Cultural diversity was interwoven with the theme “The Changing Skyline of Justice” at the recent Justices of the Peace Conference in Auckland, and the fact that, increasingly, this diversity will impact on services undertaken by Justices of the Peace. One speaker said that Justices of the Peace in Auckland are already well aware of the many different communities and peoples, and warned that it won’t be long before different ethnicities are evident in other New Zealand cities and towns.
Now a recently-released report by Doug McKay, former Auckland Council Chief Executive, underlines Auckland’s diversity.
“Europeans make up only half the Auckland population,” the report says, “with Asian and Pacific people comprising a larger share of the population than Maori. 65 per cent of Pacifika community lives in Auckland.
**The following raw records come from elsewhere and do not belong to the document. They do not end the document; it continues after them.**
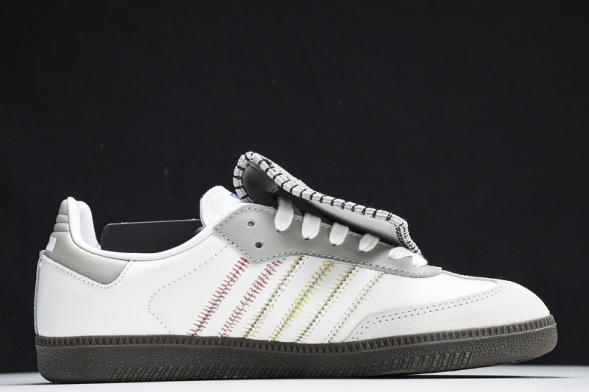 PandaPrank x Adidas Samba OG DIY IG1025 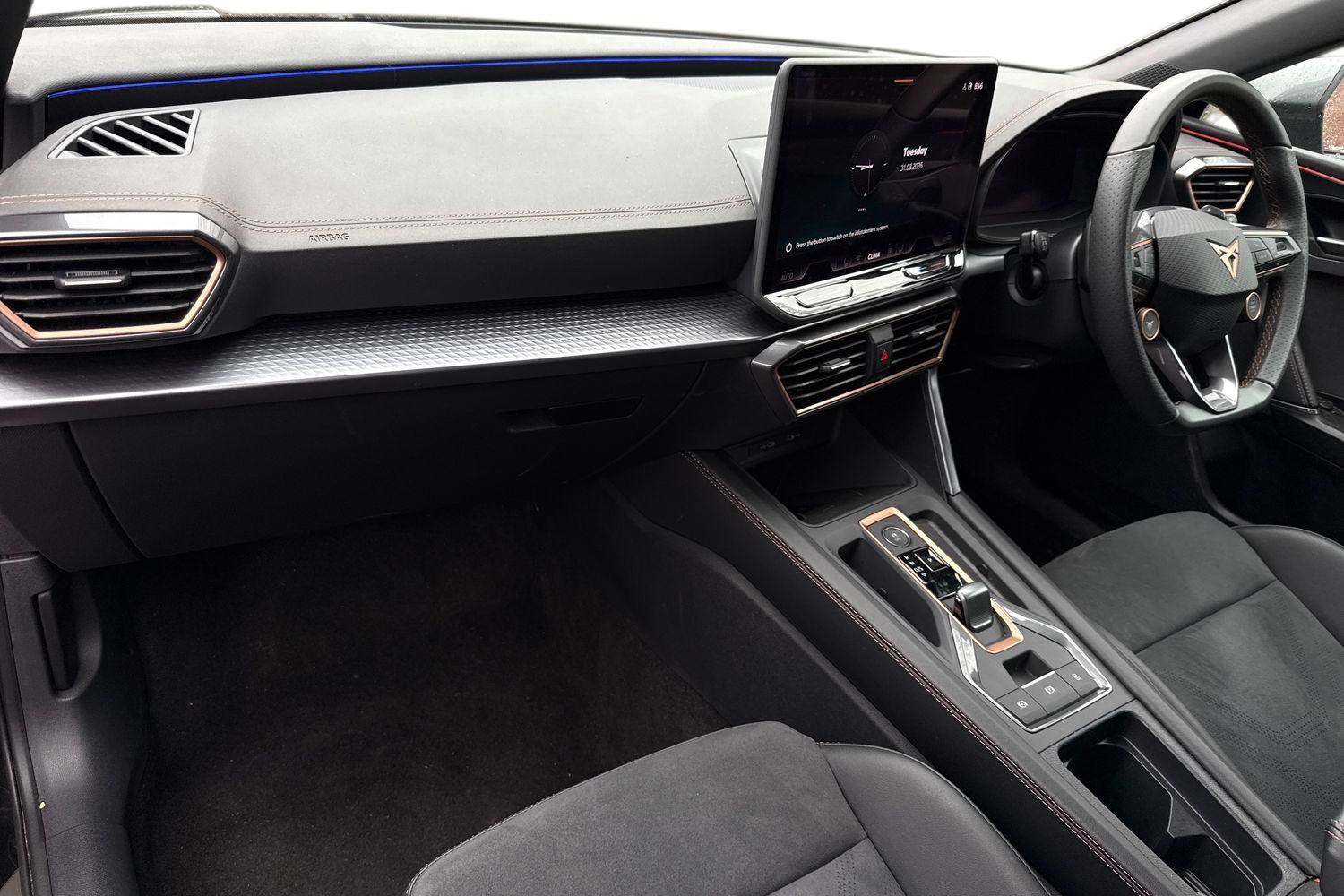 Used Cupra Leon 2025 for sale - 78079012: Photo 15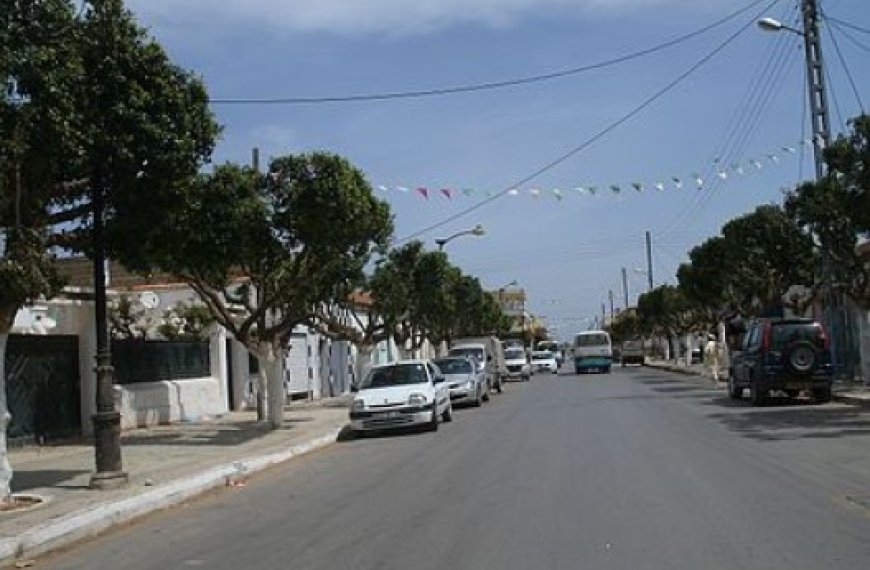 Sidi Lakhdar (Mostaganem) : Ils se déguisent en femmes pour agresser et voler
Immigration has contributed to this diversity: almost 40 per cent of Aucklanders were born overseas (the highest rate in the OECD)”.
The McKay Report notes that one-third Aucklanders speak a language other than English.
“Asians will grow by 130,000 in 7 years to 2021 and they are projected to comprise half of Auckland’s population growth in the next 20 years and Pacific people 22 per cent”. McKay points out that Auckland is a Pacific Rim City, and an Asian one.
The McKay report backs up facts about diversity given in an address to Justices of the Peace last year by Bruce Adin of the Ministry of Education: already 180 different ethnicities attend Auckland schools. He, too, advised that people from different communities would impact on whom Justices of the Peace will be seeing and services being sought.